In The Skin We’re In, Cole, whose parents are from Sierra Leone, links the struggles of Black people in Canada with Indigenous people. “Knowing my own history, knowing that my parents also come from a country colonized by the British, this informs my solidarity with Indigenous peoples and makes it my fight, too.”

The actions of the land defenders and their allies was perceived — as oppressed folks proactively attempting to remove a boot from their neck often is — as violent and anti-Canadian. The premier of Quebec suggested falsely that Mohawk land defenders had machine guns. “Them standing up is conceived by the country as itself being an act of violence,” says Cole. “The violence of the state is simply presumed.”

While on tour for The Skin We’re In, Cole learned about other direct actions in Black communities across the country. In particular, he connected with a group of Black youth in Hamilton, Ontario who organized a walkout in response to cuts made to a Black mentorship program at their high school. After arbitration, the program was reinstated. Some of those students were involved at Cole’s book event in Hamilton. “I’m getting to meet Black people who are doing the work all across the country, and that’s really special,” says Cole.

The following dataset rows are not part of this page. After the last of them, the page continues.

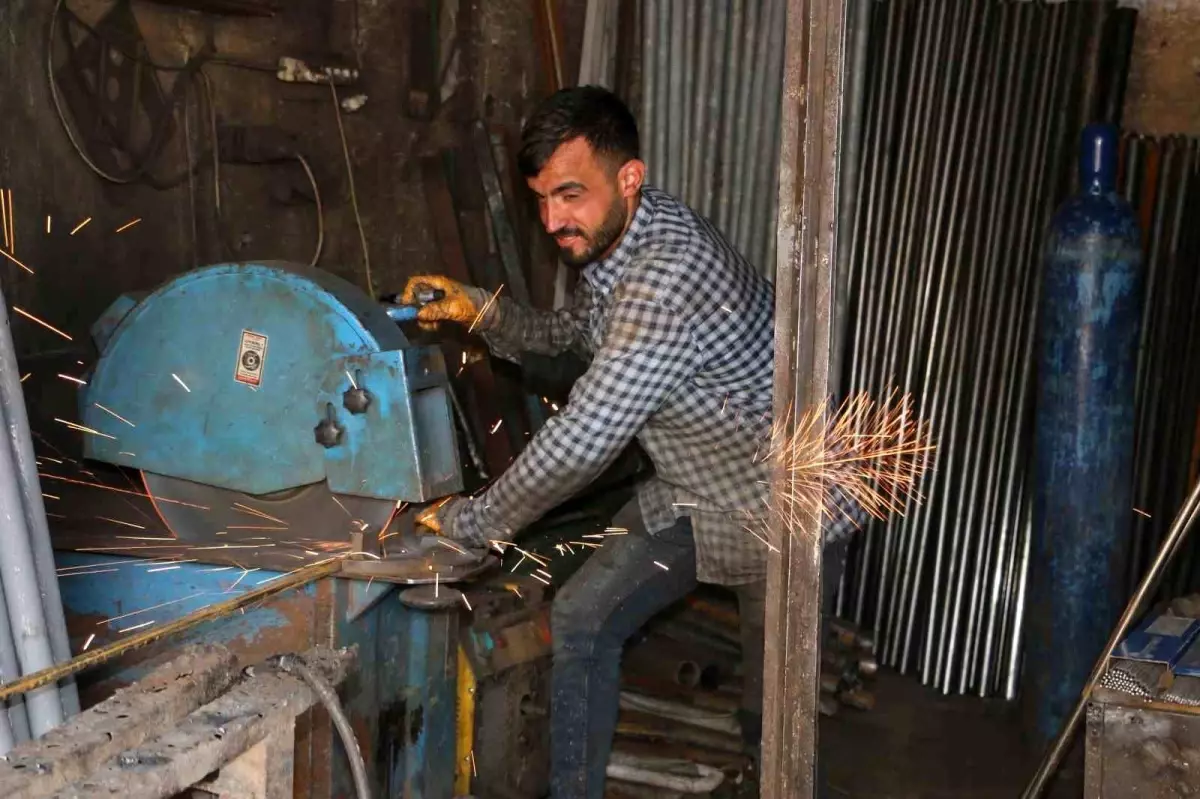 Diyarbakır\'da Hurdacılar 1 Mayıs\'ta Çalıştı
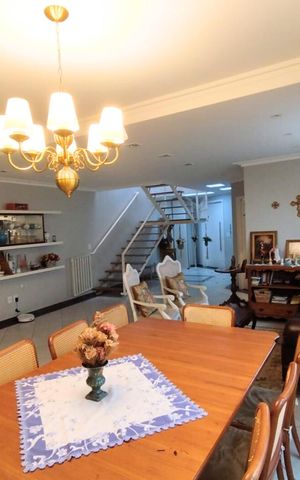 Casa para alugar com 271m², 3 quartos e 4 vagas Casa para alugar com 271m², 3 quartos e 4 vagasSala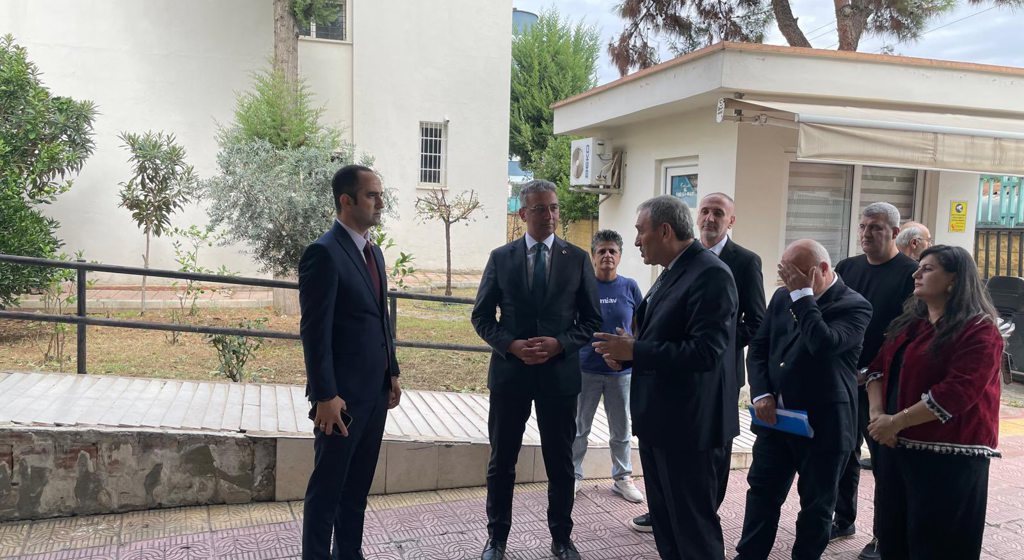 Çocuk Hizmetleri Genel Müdürümüz Sayın Hasan Basri Alagöz, #GündoğduİKB  kuruluşumuzu  ziyaret etti.  Çocuklarımız ve çalışma arkadaşlarımızla bir araya gelen Sayın Genel Müdürümüz, kuruluşumuzda yürütülen çalışmalar hakkında bilgi alarak sunulan hizmetlere ilişkin değerlendirmelerde bulundu.  Sayın Genel Müdürümüze ziyaretleri ve destekleri dolayısıyla teşekkür ediyoruz.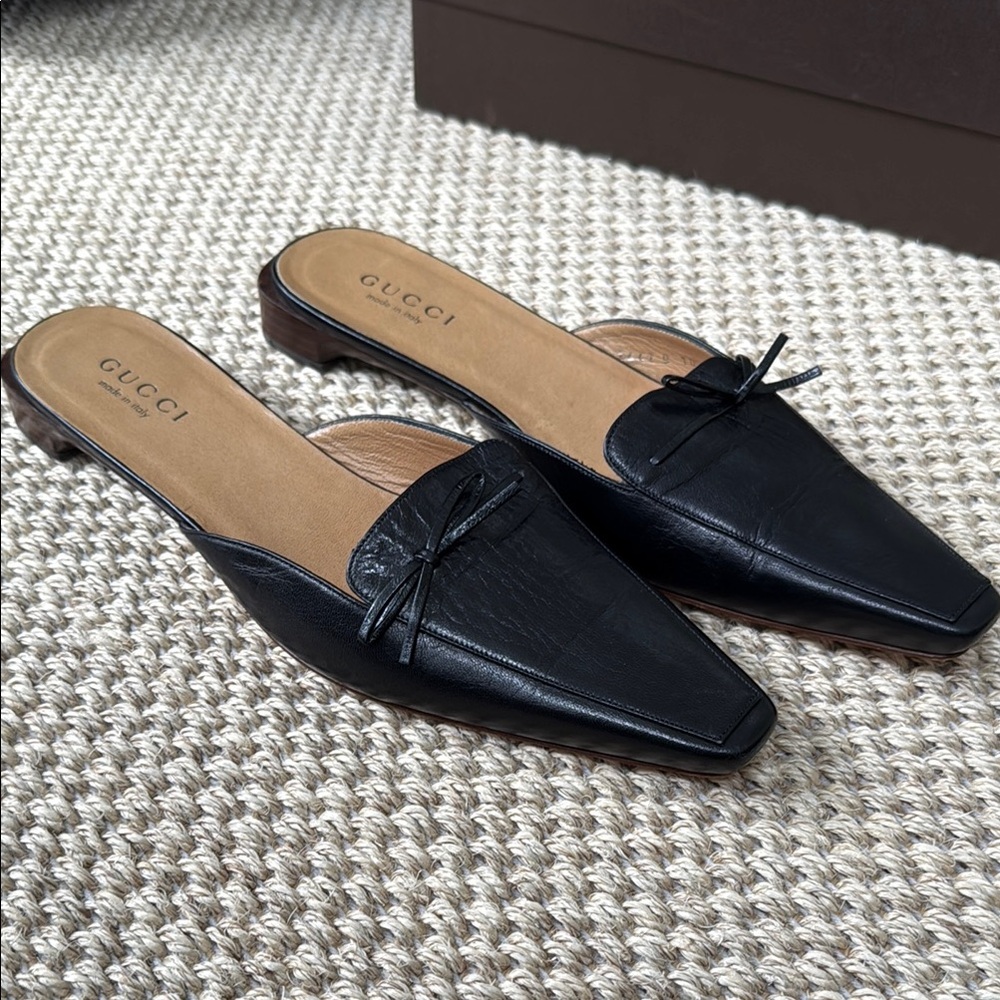 Tom Ford Era Gucci Vintage Black Leather Mules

The 13th and final chapter of The Skin We’re In is committed to January 2018. It shares the story of Abdoul Abdi, his sister Fatouma Abdi and his aunt Asha Ali, who together with their community organized to prevent Canada from deporting Abdoul to Somalia. The story is critical and worth celebrating, but Cole points out that this 13th chapter is structurally significant, too. “The struggle doesn’t end with a year,” he tells me. “The struggle is ongoing. To end in January where we started was a way to show that the cycle isn’t complete, and that the work has to continue.”